Walker was shot 46 times in a hail of gunfire that lasted just under seven seconds after he jumped out of his still-moving car and ran from police, said Ohio Attorney General Dave Yost.
He had ignored commands to stop and show his hands and then reached toward his waistband and raised his hand as officers were chasing, Yost said. Some of the officers first used Tasers before firing their guns, he said.
But the officers, not knowing Walker left his gun in the car, believed he was going to fire again at them, Yost said. He said it is critical to remember that Walker had fired at police, and that he "shot first."
The shooting last June that Walker's family said was brutal and senseless sparked protests in Akron. On Monday, the city's mayor and police chief urged residents to react peacefully, acknowledging that tensions are high.
"Turn toward one other and not on each other," said Mayor Daniel Horrigan.
During a tear- and frustration-filled response press conference, the Walker family and their allies mourned the grand jury’s inaction and called on Akron residents to protest loudly for justice and change.
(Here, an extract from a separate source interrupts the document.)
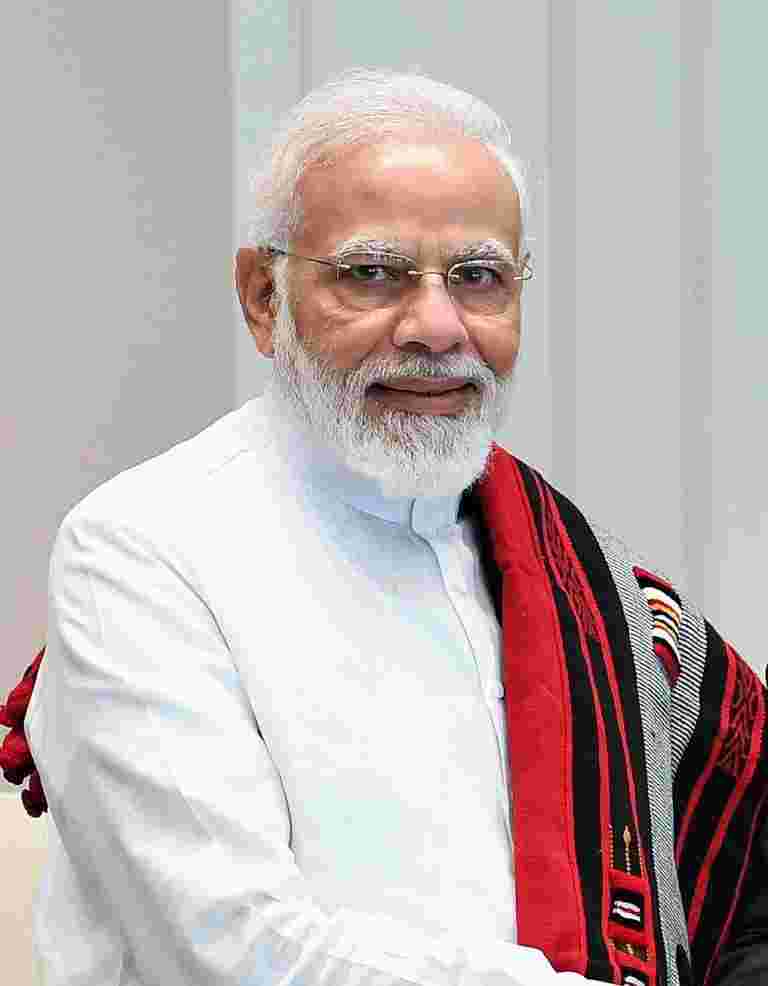 PM Modi于周二致辞印度移动国会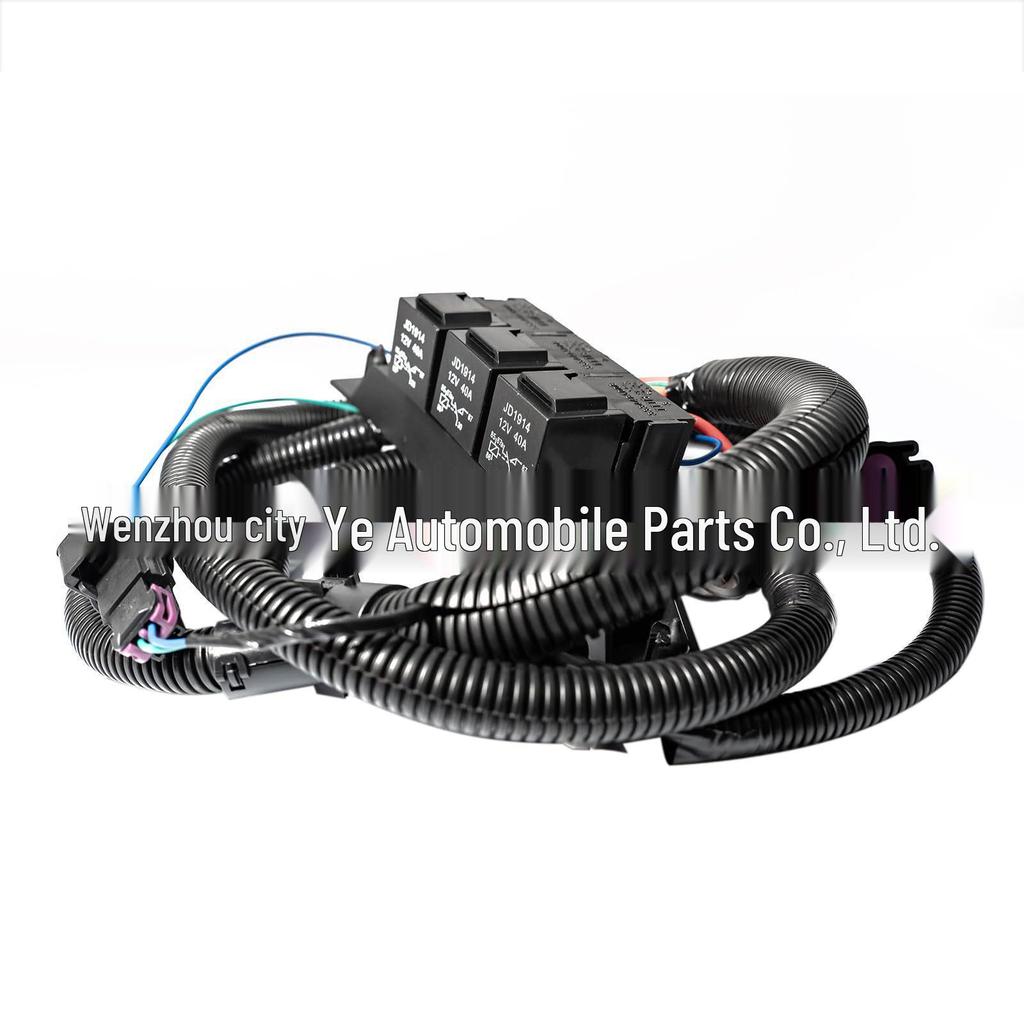 Dual Fan Wiring Harness 674-00923 for Silverado GMC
Democratic U.S. Rep. Emilia Sykes, of Akron, said she will ask the department to investigate "the patterns and practices of the Akron Police Department."
"I still can’t comprehend how a young man has 46 bullet holes from officers and that is justified," Sykes said, while also urging people to honor Walker’s memory by protesting peacefully. "I ask you to remember the words of Jayland’s family by speaking up. But do so without violence."
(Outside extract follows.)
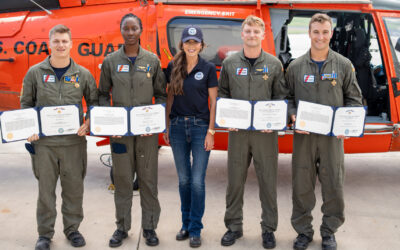 Metris Global Recognizes Coast Guard Aircrew Heroism During Texas Flood Response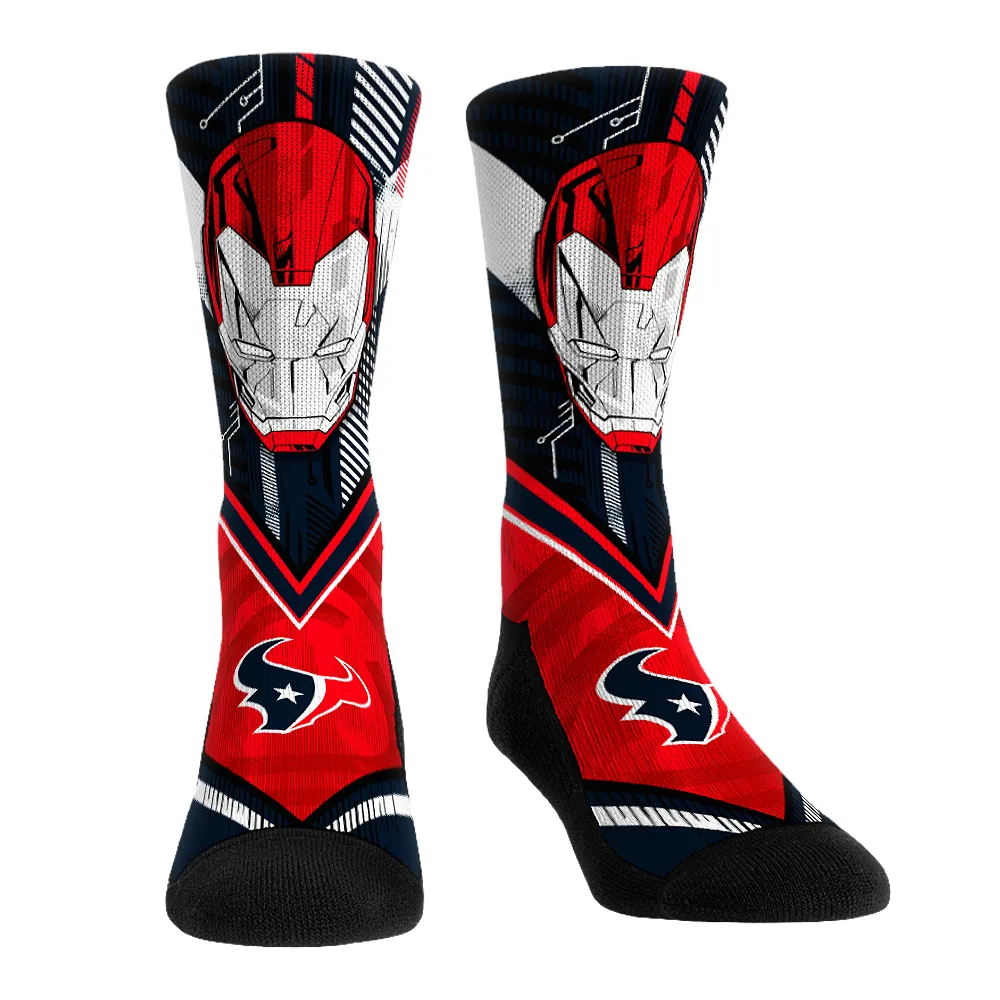 Houston Texans - Marvel  - Iron Man Stare Down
The family and the NAACP previously have called on the Justice Department to open a federal civil rights investigation.
Bobby DiCello, an attorney for Walker's family, criticized the state's investigation, saying police gunned down Walker execution-style. Paige White, another attorney for the family, said the investigation was skewed in favor of the police and that "Jayland didn’t have a chance."
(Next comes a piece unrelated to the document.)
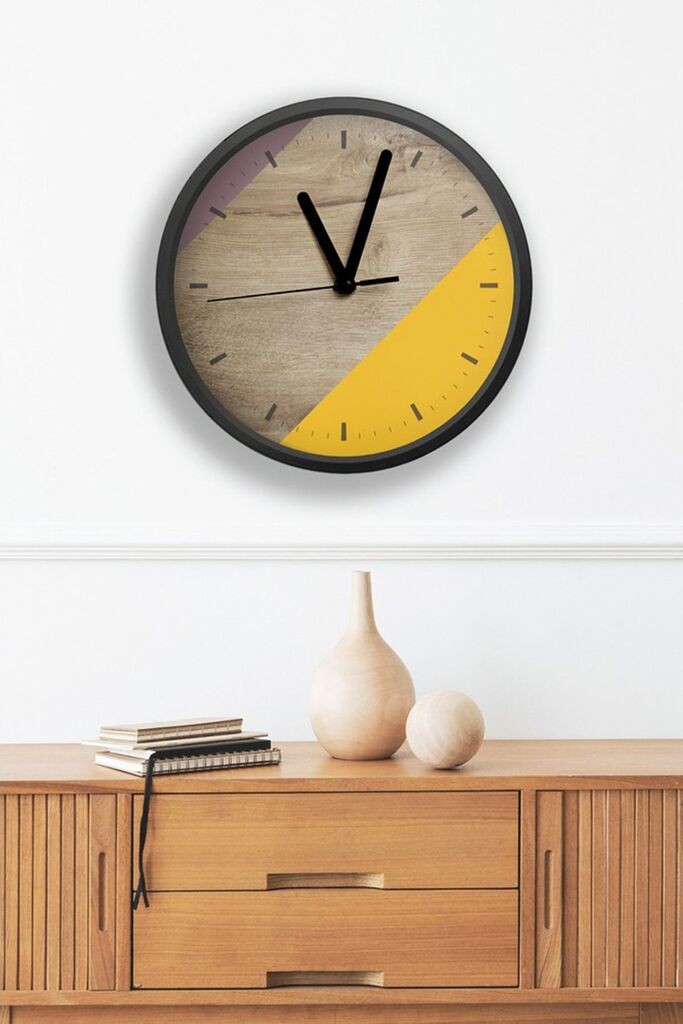 Zidni sat Artavessa3Dclock9, 36x36x1 cm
"Akron Police Department, when you call for peace, when you call for no destruction, when you call for respect — where was your respect for Jayland?" White said.
The state investigation found that police first saw Walker driving with a broken taillight and a broken light on his rear license plate, but they decided not to follow him. They saw him 10 minutes later at the same intersection and decided to pursue him for the equipment violation, Yost said.
Police said Walker refused to stop and then fired a shot from his car 40 seconds into the pursuit.
Officers chased the car on a freeway and city streets until Walker bailed from the still-moving vehicle and ran into a parking lot where he was killed while wearing a ski mask, body cam video showed. Authorities said he represented a "deadly threat." A handgun, a loaded magazine and a wedding ring were found on the driver’s seat of his car.
Police union officials said the officers thought there was an immediate threat of serious harm and that their actions were in line with their training and protocols.
Dash-cam video from a police cruiser captured images of Walker firing the gun from his car, said Anthony Pierson, an assistant state attorney general. Walker had no criminal history and had never fired a gun until he went to a shooting range with a friend in early June, Pierson said.
Walker had been grieving his fiancée’s recent death but his family had no indication of concern beyond that, a family representative previously said.
Pierson wouldn’t speculate about Walker’s state of mind that night and said there was no direct evidence that he was suicidal.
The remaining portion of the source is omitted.